The tech giant’s $1-billion R&D campuses are a boon for owners of rental properties, residential REITs and multifamily markets in the Raleigh-Durham and Austin metros.

Apple’s new R&D campuses in Research Triangle, NC and Austin, TX—inaugural projects of the tech giant’s five-year plan to invest $430 billion in the US—are lifting markets for rental properties and residential REITs in the Raleigh-Durham and Austin regions. 

The projects also are accelerating the growth of multifamily markets in the two metros, which in 2021 were among the top 20 multifamily markets in the US.

Apple’s East Coast campus in Research Triangle, announced in June, will employ 3,000 high-tech workers in machine learning, artificial intelligence and software engineering. The Austin campus will open this year with an in-office workforce of 5,000. Overall, Apple’s $430-billion expansion in the US is expected to generate up to 20,000 new jobs.

Access to Research Triangle’s growing cluster of research facilities played a role in Harbor Group International’s recent $475-million acquisition of Dasmen Residential LLC’s workforce housing portfolio, which includes more than 2,000 housing units in nearby Raleigh-Durham. The acquisition will increase HGI’s North Carolina portfolio to about 5,000 apartments.

“The Research Triangle is an important target market for HGI as we seek to acquire well-located communities in high-growth markets,” said Richard Litton, president of HGI. “As the area’s high-paying STEM jobs continue to attract new residents, we see opportunity to leverage our expertise in owning and operate similar communities in the region to generate rent growth and increasing demand for housing.”

Residential REITs expanding their footprint in Raleigh-Durham and Austin include Camden Property Trust, which operates 171 properties in the US, and Mid-America Apartment Communities. The Apple campuses are expected to create higher occupancy and rental rates at existing properties and more demand for development projects under construction that will soon cut the ribbon.

Office REITs also may get a lift from Apple’s campuses as suppliers and partners are drawn to Austin and Raleigh-Durham. Highwoods Properties, which gets more than 20 percent of its NOI from Raleigh, has available sites for an estimated 1.2 million sf of additional office space.
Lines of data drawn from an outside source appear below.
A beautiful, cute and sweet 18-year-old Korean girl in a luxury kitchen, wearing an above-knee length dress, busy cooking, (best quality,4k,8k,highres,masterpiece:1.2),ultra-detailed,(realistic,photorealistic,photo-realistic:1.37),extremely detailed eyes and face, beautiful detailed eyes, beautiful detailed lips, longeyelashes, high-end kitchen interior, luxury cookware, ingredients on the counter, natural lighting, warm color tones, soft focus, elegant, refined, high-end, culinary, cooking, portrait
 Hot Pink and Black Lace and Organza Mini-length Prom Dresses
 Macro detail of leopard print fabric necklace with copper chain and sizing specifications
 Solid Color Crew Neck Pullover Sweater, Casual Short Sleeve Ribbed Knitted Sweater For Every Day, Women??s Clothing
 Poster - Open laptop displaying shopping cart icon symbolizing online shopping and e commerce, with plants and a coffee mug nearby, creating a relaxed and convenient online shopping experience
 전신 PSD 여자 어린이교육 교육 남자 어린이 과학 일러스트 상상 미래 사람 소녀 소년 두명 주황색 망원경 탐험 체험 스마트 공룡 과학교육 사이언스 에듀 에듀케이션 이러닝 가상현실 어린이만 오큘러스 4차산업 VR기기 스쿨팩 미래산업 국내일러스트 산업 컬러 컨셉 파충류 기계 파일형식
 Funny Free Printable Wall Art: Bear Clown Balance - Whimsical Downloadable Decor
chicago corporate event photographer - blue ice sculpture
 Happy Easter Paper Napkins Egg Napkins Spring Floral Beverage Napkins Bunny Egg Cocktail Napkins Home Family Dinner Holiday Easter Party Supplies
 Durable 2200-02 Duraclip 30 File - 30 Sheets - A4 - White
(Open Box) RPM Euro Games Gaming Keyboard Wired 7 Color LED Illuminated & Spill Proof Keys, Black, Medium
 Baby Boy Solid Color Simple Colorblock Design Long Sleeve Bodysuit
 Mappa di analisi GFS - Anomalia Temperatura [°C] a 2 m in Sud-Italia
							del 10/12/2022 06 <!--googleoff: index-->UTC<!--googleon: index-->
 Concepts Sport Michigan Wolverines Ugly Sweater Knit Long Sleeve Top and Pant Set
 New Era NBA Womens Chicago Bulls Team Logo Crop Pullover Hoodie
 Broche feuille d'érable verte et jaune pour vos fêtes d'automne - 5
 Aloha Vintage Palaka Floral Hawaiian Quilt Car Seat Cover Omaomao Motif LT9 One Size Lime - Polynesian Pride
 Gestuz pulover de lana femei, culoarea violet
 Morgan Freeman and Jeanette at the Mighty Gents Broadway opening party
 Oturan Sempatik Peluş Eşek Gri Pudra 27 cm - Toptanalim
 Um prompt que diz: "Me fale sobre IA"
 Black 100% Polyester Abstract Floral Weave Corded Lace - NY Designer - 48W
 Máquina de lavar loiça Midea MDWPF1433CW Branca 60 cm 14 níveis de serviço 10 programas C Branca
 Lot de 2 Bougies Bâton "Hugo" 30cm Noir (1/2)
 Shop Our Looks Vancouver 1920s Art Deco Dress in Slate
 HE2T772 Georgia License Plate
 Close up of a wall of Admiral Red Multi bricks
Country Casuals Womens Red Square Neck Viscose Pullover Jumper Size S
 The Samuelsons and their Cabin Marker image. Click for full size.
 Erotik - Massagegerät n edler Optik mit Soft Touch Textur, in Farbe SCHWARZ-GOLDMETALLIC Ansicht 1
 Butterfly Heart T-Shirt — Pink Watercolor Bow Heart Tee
Cousins Properties, which generates nearly a third of its NOI from Austin, has two development projects under construction in the Texas capital.

The thriving tech hubs in Raleigh-Durham and Austin are fueling regional growth in multifamily investments. A new report from CBRE and Real Capital Analytics measuring the top 20 US markets for multifamily in 2021 ranks Austin as the nation’s tenth-largest market, with $9.55 billion in investments; Raleigh-Durham came in at No. 13, with investments totaling $6.2 billion.

Multifamily investment surged by more than 30 percent in the Southeast in 2021, the highest of any region in the US, according to a report from Newmark. Multifamily investment in the Southeast totaled more than $103 billion, Newmark said.

In the past year, Apple opened office space in Seattle for 1,000 employees and began an expansion of its Culver City, CA campus, where it expects to employ more than 3,000 tech workers by 2026. Apple also is expanding its workforce in Boulder, CO and Boston.